MEXICO CITY, JAN. 14, 2008 (Zenit.org).- Where does one begin to promote the value and dignity of life in a culture that has shown itself antagonistic to protecting it? Helen Alvaré suggests beginning at home.
The George Mason University law professor said this today at the 6th World Meeting of Families, being held through Sunday in Mexico City. Her talk was titled «The Family and the Values of Human Life.»
Alvaré, a consultor of the Pontifical Council for the Laity, was the director of planning and information for the Secretariat for Pro-life Activities of the U.S. episcopal conference from 1990-2000.
The professor spoke of the «genuine crisis of contradiction» between the teachings of the Church regarding life «and the policies and rhetoric of powerful national and international governments and organizations.»
«There is also a commensurate crisis in the hearts of women, men and couples,» she added, «who more and more seem to believe that their limited reason — and worries — about accepting new human life are sufficient for their needs, and for the needs of the world.»
She said it was «alarming» the «gap between the Church’s call to respect the ‘language of the human body’ and the gift of human life, and positions assumed by influential groups and governments about marriage and children.»
The gap, she said, is owed to «an impoverished and incomplete appreciation for the meaning of life itself: loving service, death to self as the path to ‘finding oneself.'»
School of love
Posing the question of how one can «approach the institutions wielding worldly power […] with the demand to respect all human life,» she suggested beginning within the context of the family.
«For most people,» she explained, «the family is the place where one learns to love, or not. […] At crucial developmental periods prior to adulthood, if we do not come to understand the contents of attentive, secure, sacrificial love from our family, we will likely be impaired in ways difficult if not impossible to transcend in the matter of giving and receiving love.»
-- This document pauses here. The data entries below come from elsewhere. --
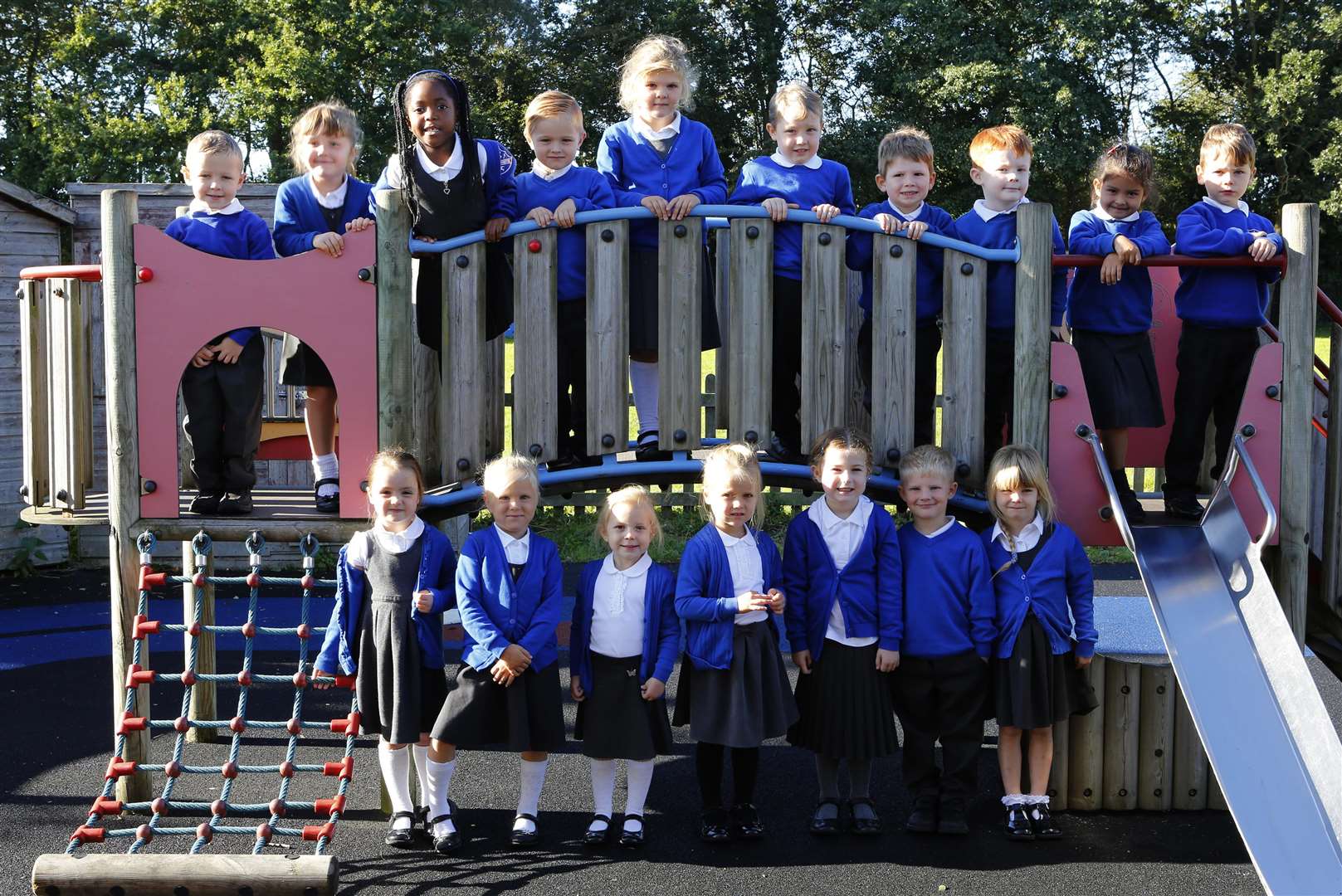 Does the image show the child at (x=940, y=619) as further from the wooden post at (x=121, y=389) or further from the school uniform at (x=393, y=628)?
the wooden post at (x=121, y=389)

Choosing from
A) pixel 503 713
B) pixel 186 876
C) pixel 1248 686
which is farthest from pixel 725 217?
pixel 186 876

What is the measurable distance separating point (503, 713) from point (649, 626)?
2.02ft

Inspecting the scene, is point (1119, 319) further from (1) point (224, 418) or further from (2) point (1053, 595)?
(1) point (224, 418)

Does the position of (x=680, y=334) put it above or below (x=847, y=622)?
above

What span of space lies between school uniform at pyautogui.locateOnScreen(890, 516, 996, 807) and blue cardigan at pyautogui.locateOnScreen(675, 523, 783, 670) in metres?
0.57

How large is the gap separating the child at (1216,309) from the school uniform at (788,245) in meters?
1.41

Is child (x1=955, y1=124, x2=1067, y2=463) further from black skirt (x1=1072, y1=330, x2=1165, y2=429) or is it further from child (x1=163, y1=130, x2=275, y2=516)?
child (x1=163, y1=130, x2=275, y2=516)

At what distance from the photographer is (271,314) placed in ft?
16.1

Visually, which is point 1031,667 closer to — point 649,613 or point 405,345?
point 649,613

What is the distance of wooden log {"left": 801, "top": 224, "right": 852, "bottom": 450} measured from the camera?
5.05 metres

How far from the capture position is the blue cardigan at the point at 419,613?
4.75m

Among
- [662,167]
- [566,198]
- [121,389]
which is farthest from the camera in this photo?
[662,167]

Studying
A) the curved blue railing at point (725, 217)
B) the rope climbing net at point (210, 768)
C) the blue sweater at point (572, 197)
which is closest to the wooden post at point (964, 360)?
the curved blue railing at point (725, 217)

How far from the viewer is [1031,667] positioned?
479 centimetres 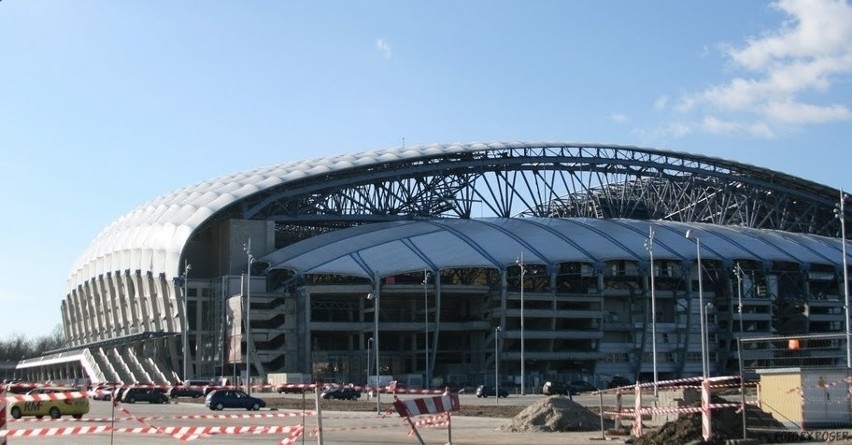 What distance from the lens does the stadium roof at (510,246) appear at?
10806cm

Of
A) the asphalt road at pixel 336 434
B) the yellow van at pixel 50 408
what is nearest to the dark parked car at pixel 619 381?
the asphalt road at pixel 336 434

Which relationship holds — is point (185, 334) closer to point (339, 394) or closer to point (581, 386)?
point (339, 394)

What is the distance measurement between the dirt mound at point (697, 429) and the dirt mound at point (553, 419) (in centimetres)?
694

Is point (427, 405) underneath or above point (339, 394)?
above

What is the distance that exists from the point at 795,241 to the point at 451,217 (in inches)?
1549

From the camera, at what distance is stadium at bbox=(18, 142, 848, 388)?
108 metres

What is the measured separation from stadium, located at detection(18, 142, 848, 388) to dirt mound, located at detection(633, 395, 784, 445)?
70.8 meters

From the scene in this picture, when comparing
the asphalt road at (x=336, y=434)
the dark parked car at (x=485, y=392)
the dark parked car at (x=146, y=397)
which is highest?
the asphalt road at (x=336, y=434)

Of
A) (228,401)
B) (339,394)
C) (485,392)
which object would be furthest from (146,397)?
(485,392)

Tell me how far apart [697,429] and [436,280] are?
79529 mm

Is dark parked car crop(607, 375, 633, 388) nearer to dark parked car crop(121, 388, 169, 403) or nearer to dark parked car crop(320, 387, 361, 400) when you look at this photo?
dark parked car crop(320, 387, 361, 400)

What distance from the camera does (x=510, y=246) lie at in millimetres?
Result: 112438

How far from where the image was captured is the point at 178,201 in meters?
125

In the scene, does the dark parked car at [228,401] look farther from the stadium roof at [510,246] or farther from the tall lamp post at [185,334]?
the tall lamp post at [185,334] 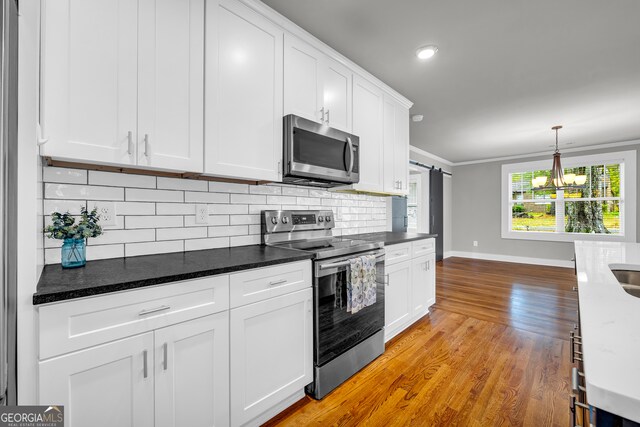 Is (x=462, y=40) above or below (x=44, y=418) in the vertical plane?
above

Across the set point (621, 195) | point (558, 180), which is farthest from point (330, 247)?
point (621, 195)

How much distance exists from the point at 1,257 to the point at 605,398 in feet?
4.49

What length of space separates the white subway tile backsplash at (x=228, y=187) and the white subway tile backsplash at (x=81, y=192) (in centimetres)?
51

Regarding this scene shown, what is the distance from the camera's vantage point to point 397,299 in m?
2.53

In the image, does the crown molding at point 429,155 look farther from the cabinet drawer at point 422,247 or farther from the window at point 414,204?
the cabinet drawer at point 422,247

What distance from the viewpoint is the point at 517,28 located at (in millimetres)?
2041

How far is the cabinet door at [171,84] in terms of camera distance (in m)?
1.37

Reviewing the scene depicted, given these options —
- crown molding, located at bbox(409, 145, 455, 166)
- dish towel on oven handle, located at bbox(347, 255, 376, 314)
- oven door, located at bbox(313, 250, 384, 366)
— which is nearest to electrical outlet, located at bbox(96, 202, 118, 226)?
oven door, located at bbox(313, 250, 384, 366)

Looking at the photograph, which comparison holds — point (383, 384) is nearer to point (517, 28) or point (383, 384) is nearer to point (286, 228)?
point (286, 228)

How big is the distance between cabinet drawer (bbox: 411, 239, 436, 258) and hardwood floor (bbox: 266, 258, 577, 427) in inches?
28.3

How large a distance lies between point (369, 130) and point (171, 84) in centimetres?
176

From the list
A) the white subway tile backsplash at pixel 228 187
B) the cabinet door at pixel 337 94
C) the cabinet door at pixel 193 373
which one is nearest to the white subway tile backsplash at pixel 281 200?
the white subway tile backsplash at pixel 228 187

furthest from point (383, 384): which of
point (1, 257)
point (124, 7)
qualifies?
point (124, 7)

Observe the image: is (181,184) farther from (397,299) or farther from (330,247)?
(397,299) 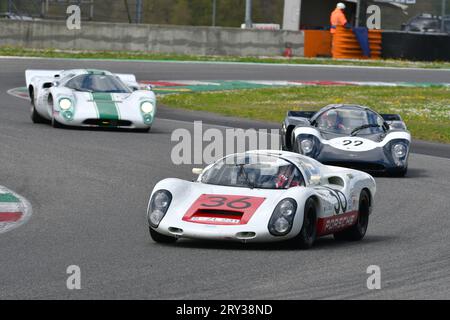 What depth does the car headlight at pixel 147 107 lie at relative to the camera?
20281mm

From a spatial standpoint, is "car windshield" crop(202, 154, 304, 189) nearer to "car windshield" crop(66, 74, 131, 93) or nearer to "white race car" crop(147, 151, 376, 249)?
"white race car" crop(147, 151, 376, 249)

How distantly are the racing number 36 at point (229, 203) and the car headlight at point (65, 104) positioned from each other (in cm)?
1033

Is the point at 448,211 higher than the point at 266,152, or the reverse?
the point at 266,152

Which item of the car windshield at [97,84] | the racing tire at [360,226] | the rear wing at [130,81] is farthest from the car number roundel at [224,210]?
the rear wing at [130,81]

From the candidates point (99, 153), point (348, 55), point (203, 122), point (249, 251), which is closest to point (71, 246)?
point (249, 251)

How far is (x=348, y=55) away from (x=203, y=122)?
1907 centimetres

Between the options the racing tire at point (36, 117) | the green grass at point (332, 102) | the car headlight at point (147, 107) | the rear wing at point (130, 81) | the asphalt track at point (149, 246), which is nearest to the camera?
the asphalt track at point (149, 246)

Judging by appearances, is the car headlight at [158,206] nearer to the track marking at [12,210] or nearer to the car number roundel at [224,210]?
the car number roundel at [224,210]

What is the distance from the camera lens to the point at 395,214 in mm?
12414

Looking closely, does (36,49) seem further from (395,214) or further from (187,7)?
(395,214)

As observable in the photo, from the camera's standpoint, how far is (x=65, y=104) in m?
20.1

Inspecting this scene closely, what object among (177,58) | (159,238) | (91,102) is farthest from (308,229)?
(177,58)

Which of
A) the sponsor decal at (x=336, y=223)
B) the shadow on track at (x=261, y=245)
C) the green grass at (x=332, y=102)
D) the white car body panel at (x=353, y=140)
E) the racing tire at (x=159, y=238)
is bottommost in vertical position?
the green grass at (x=332, y=102)

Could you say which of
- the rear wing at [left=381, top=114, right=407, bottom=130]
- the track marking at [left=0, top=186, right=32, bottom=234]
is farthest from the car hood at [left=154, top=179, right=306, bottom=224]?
the rear wing at [left=381, top=114, right=407, bottom=130] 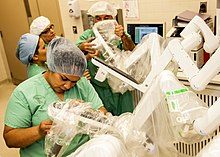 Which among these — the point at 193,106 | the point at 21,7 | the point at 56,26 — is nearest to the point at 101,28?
the point at 193,106

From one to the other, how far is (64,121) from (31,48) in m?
1.07

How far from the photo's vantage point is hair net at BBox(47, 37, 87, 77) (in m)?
1.43

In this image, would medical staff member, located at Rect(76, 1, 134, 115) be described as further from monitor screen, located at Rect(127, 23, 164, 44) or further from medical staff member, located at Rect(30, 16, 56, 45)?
medical staff member, located at Rect(30, 16, 56, 45)

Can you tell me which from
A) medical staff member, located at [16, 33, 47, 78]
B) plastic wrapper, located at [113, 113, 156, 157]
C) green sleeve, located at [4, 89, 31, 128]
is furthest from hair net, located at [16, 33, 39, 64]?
plastic wrapper, located at [113, 113, 156, 157]

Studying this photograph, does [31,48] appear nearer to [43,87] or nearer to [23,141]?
[43,87]

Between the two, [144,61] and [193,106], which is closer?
[193,106]

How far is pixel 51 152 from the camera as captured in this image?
1167 mm

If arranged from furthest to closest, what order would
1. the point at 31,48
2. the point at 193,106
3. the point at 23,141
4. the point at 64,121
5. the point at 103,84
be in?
1. the point at 103,84
2. the point at 31,48
3. the point at 23,141
4. the point at 64,121
5. the point at 193,106

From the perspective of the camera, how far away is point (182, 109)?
848mm

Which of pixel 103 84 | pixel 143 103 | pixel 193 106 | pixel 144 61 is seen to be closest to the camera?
pixel 193 106

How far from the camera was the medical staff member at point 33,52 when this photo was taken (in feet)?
6.64

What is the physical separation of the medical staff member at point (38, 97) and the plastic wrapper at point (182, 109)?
0.67 m

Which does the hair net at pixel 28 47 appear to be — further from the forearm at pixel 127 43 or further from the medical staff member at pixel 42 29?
the forearm at pixel 127 43

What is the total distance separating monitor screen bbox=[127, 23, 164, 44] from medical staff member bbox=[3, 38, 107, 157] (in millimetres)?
1033
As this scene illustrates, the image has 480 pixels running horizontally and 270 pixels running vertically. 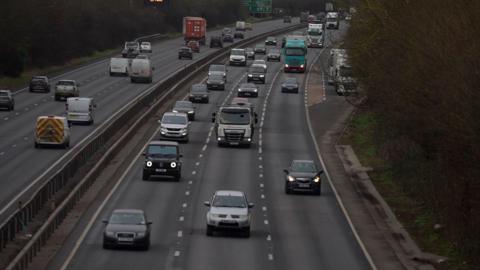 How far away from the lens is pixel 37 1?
13312 centimetres

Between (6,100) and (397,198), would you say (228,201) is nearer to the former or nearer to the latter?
(397,198)

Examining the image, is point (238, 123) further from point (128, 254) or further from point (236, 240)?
point (128, 254)

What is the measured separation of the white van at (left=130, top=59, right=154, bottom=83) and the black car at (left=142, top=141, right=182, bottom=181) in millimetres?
52981

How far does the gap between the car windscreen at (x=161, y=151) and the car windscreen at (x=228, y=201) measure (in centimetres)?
1430

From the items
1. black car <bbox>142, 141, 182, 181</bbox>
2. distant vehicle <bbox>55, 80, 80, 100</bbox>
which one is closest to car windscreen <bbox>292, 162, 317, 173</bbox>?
black car <bbox>142, 141, 182, 181</bbox>

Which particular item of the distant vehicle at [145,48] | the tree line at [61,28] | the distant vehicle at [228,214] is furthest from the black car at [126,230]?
the distant vehicle at [145,48]

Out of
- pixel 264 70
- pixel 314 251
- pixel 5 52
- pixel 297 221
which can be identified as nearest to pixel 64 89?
pixel 5 52

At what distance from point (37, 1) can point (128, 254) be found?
96.2 meters

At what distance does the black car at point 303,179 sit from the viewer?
186 ft

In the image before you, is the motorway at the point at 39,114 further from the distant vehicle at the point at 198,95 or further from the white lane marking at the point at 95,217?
the distant vehicle at the point at 198,95

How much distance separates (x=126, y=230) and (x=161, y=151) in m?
18.9

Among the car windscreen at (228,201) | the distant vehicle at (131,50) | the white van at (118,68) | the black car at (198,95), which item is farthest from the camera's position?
the distant vehicle at (131,50)

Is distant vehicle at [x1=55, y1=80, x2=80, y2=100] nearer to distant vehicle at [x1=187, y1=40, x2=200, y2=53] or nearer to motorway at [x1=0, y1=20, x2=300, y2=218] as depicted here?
motorway at [x1=0, y1=20, x2=300, y2=218]

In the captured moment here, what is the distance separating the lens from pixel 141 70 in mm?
111562
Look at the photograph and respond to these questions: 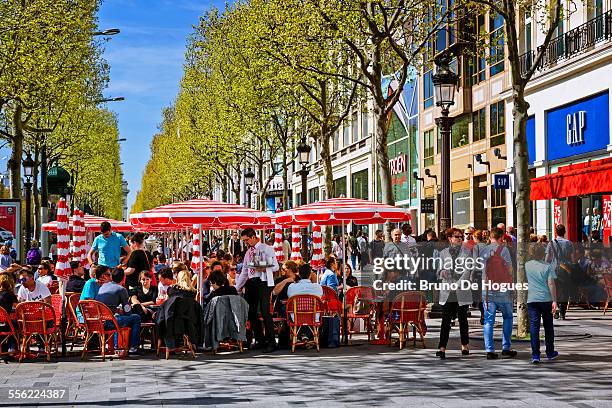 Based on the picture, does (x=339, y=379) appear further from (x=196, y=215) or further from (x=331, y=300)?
(x=196, y=215)

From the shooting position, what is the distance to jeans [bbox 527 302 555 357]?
45.1 ft

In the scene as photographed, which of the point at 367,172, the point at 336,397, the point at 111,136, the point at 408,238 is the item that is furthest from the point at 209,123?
the point at 336,397

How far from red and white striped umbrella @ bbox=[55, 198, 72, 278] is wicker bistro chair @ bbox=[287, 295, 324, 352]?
4099mm

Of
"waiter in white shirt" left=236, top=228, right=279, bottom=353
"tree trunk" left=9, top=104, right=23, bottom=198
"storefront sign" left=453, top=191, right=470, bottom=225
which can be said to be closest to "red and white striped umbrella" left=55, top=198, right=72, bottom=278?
"waiter in white shirt" left=236, top=228, right=279, bottom=353

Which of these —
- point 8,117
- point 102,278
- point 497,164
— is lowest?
point 102,278

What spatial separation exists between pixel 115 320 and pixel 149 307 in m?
1.35

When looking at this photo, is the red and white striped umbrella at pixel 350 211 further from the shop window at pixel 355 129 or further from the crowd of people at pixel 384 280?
the shop window at pixel 355 129

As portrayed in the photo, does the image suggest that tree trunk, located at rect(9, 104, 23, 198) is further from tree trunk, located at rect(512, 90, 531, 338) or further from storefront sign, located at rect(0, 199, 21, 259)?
tree trunk, located at rect(512, 90, 531, 338)

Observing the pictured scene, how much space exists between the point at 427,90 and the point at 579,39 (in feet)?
63.1

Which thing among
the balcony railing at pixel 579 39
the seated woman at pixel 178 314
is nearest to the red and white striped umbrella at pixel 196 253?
the seated woman at pixel 178 314

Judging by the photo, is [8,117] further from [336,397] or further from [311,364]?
[336,397]

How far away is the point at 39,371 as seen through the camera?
13898 mm

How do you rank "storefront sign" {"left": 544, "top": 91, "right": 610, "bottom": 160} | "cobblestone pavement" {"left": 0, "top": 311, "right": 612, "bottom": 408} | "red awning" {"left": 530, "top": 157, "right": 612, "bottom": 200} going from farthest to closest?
"storefront sign" {"left": 544, "top": 91, "right": 610, "bottom": 160} < "red awning" {"left": 530, "top": 157, "right": 612, "bottom": 200} < "cobblestone pavement" {"left": 0, "top": 311, "right": 612, "bottom": 408}

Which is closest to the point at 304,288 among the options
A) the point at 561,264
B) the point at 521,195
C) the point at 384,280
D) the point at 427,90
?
the point at 384,280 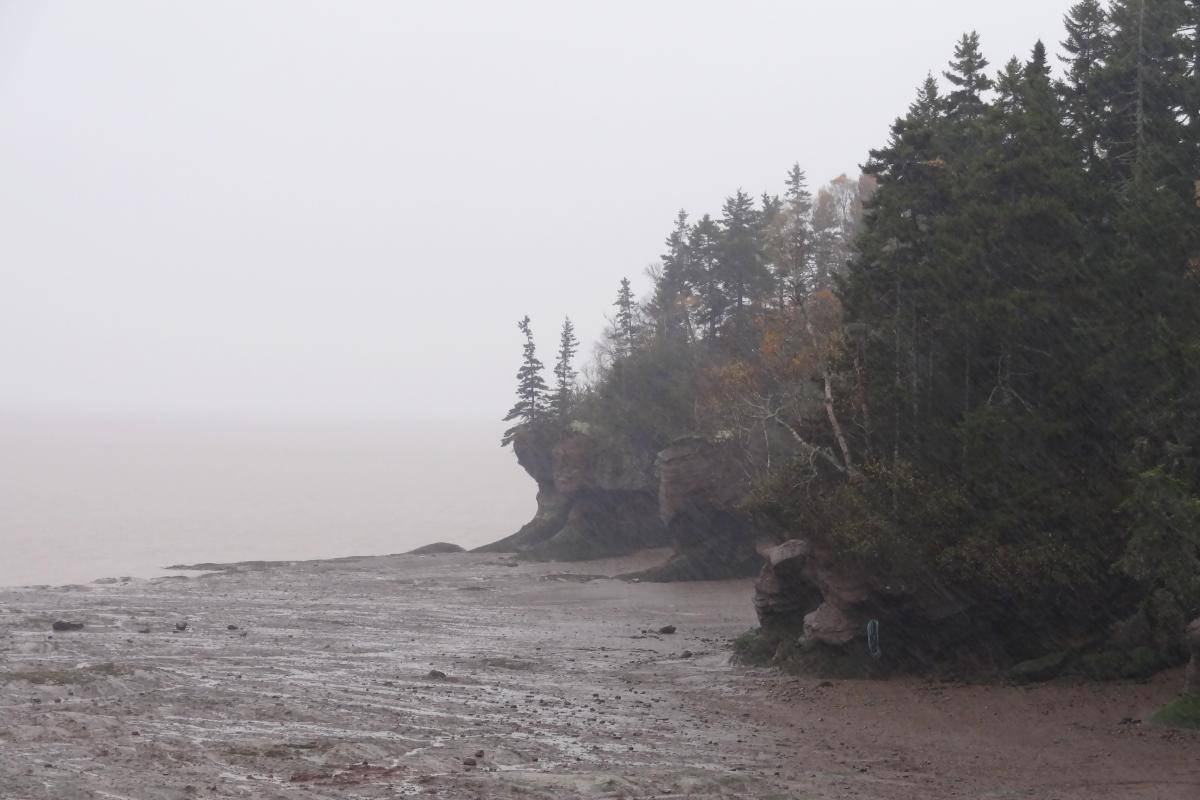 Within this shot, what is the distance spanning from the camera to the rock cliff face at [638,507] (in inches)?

Alvaré spoke of the family as a «school of love» that is «relentless» in assigning «homework on the subject of the give and take of love.»
And marriage, she continued, «leads us toward grasping the value and meaning of procreation; we find ourselves, are taken aback at the remarkable feat of our love giving forth new life.»
«The circumstances that correlate with and constitute marriage make it the place where new life can be given its most full-throated welcome,» said Alvaré. «In marriage, we find the long-term commitment necessary to rear relatively slowly-maturing human infants to adulthood.
«We also find in marriage greater economic stability, extended families well-disposed to assist the new parents, and social satisfaction with the married couples’ initiation into the ways of sacrifice, long-term planning and care for the next generation.»
Life lessons
The professor of law said the family is also where individuals learn many important life lessons: «The family is where we first see the building of a bridge between males and females, between younger and older, and between diverse personalities.
«In the close-range give and take between family members, we learn to model male or female traits and gifts. We learn the meaning of compromise, sacrifices and sharing. We learn what religion ‘looks like’ when it is lived out.
«Culture and values are transmitted, social capital is exchanged, and the practical skills necessary for living independently are acquired.»
«In the family, we learn — because we experience it totally with our bodies, our minds, our emotions and our spirits — the relationship between adult love and the blessing of children,» she added. «No matter how often this happens in history, every one who experiences it marvels at it.»
She asked: «Is it any surprise, then, as John Paul II has said so often, that the family is where we get our first and most important glimpse of the character and quality of God’s love?»
Respect for life
Finally, Alvaré offered the family as the place where political division between those who promote respect for life and those who promote leading a dignified life can be mended.
«I have regularly made the case in my own country,» she explained, «about the need to extend our moral imaginations so that those easily condemning injustice they can see — violence, racism, sexism, and more — could come to understand the injustice happening in places they cannot see such as in abortion clinics, and in the storage tanks housing hundreds of thousands of ‘spare embryos.'»
«Recently, though, I have wondered if there is perhaps no one message or set of messages guaranteed to open up people’s eyes to the entire panoply of causes on behalf of human life. Perhaps, instead of a message, there is a place.
«Perhaps there is a group of people, and a way of life, that can do this better than any message.»
The place, she suggests, is the family: «The family which cares automatically for both the sanctity of human life, and its dignity — can and will mediate respect for human life at all times and in all conditions better than any verbal formula.
«In the family we practice loving the human person in his or her entirety — their body, their soul, their gifts, their promise, their hopes — and we love persons from the first moment of their existence to their last.
«We do not say we want our spouse or our children or our mother to have life but not dignity, or dignity but not life.»
«Marriage and the gift of children remain among the greatest blessings God has given us,» Alvaré continued. «Human beings in history will always glimpse God’s face in such love. The unique constellation of total union, commitment, fidelity, and openness to new life that is marriage, will continue to offer the safest haven for the children God entrusts us.
«Like our Mother Mary, our human exemplar, we must heed God’s words, ‘Do not be afraid’ as we recommit ourselves to God’s causes in marriage, motherhood and fatherhood.»